IndexLSH for Fast Similarity Search in Faiss

Hi and welcome to the video. We're going to be covering how we can implement LSH in FICE. Now we covered LSH and how it works using random projection in a previous video which I'm going to release at the same time as this video so I'll link to that in the description if you want to understand how LSH works.

But in this video we're just going to cover how we implement it in FICE. So we're going to be using the SIFT1M dataset which you can download using, I'll put a link to the script in the description, but it's just a big dataset of dense vectors. Now from this we'll get our 1 million samples xb and we also have our queries which I'm going to just, we're just going to use one query at a time.

Okay so we'll have one query, 1 million samples, and we perform our search using that. So what we first want to do is import FICE. I'm going to get my dimensionality which is is it xb.shape and one I think d yep 128 so that's our dimensionality of each vector within the SIFT1M dataset and initially let's use an n bits value of 4 which gives us if we think about it how many how many buckets does that give us we can do this right so it gives us a total of 16 buckets.

Okay these are also potential buckets our vectors aren't necessarily going to be separated between all of them they might we might end up only using like 10 of those buckets for example. Okay and then what we want to do is initialize our index so FICE index lsh and in here we need to pass our dimensionality and also our n bits value so how many binary values we're going to include within each bucketed item.

So do we first thing it's always good to check do we need to train the index. Index is trained is true so that means we don't need to train it there's no optimizations or anything we need to do here so that's good don't need to worry about that and then so without needing training all we do is index add and we add our data.

Okay and now we're actually just ready to go ahead and search so we do di equals index search xq and let's return let's set k up here actually so let's set k equal to 10. Okay so we do k and then we get the these are the apparently the most similar indexes to our query.
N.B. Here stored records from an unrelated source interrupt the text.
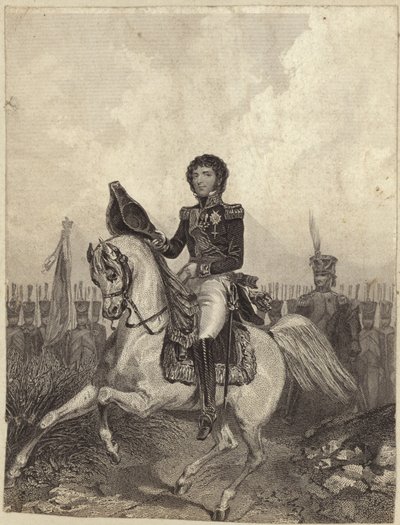 Joachim Murat, Napolin kuningas tekijältä English School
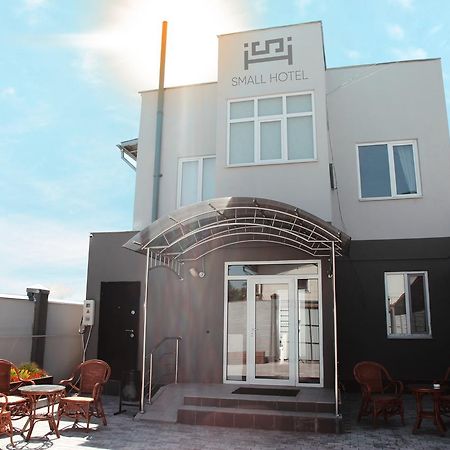 Small Hotel Biszkek Zewnętrze zdjęcie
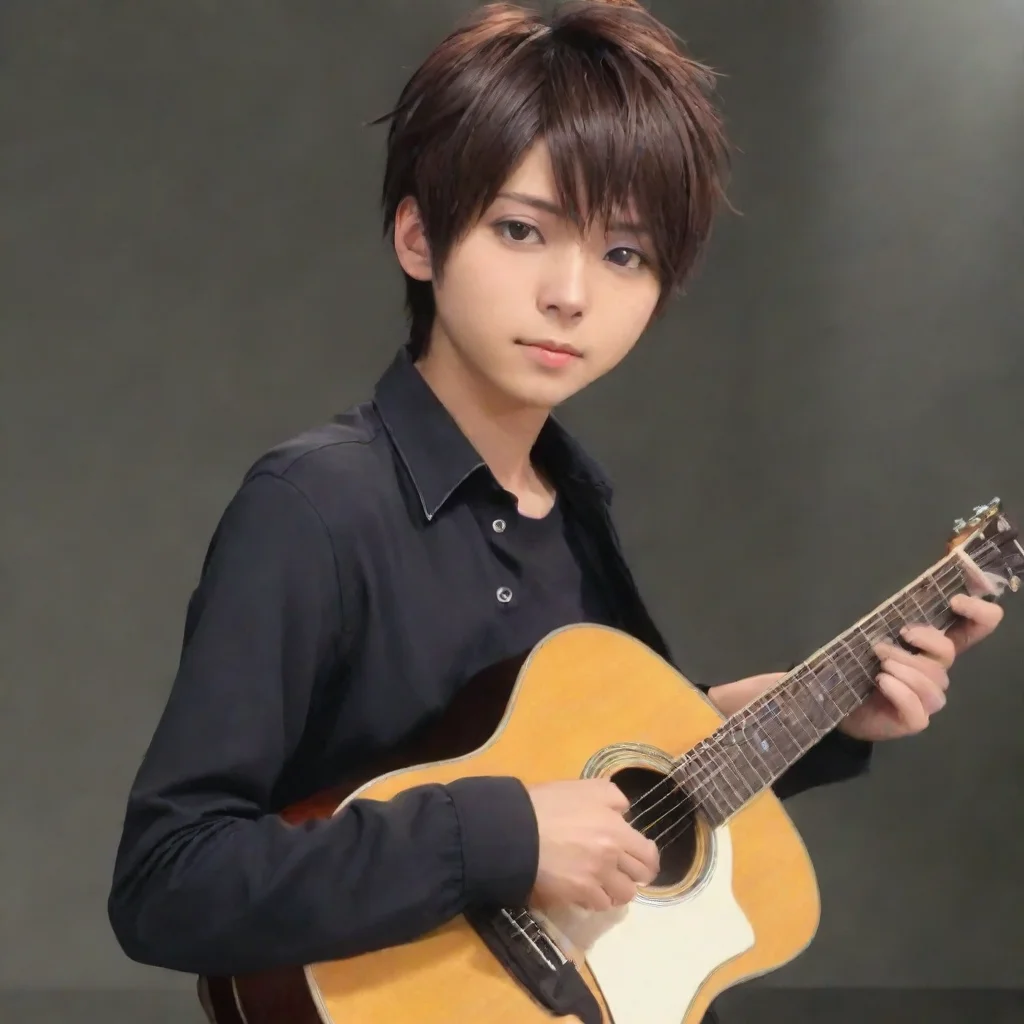 ai Hiroki KAMIYA Music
Okay and there's one good thing to check here which makes it really easy to figure out if we have enough buckets or not is d which is the distance between those vectors. Now obviously if we have all of our vectors in a single bucket and we search and our query ends up in the same bucket all of the distances here are going to be zero because they're all going to be exactly the same hamming distance which is what we're returning so let's look and that's what we get.

I mean we have very few numbers here so that's not that surprising. Let's push k up to 10k you'd think at this point you know surely we'd get some ones but no. So at least the first 10,000 nearest neighbors are all within one bucket so it clearly there's an issue here we can't differentiate between all of those but if we just increase this to a very high number let's say like 500,000 so this is returning half of the index at this point we should I imagine see we see a few ones so at some point within the first 500,000 items we do actually we move from a single bucket to at least one other bucket.

Now if we think about it we can we can actually estimate roughly how what n bits value we need in order to kind of get a better distribution between our buckets so to not have everything in a single bucket so let's try these we have for n bits in in these values let's give it a go see what we get and we see okay n bits equals two so this gives us an average of 250,000 items within each bucket so obviously that's not useful.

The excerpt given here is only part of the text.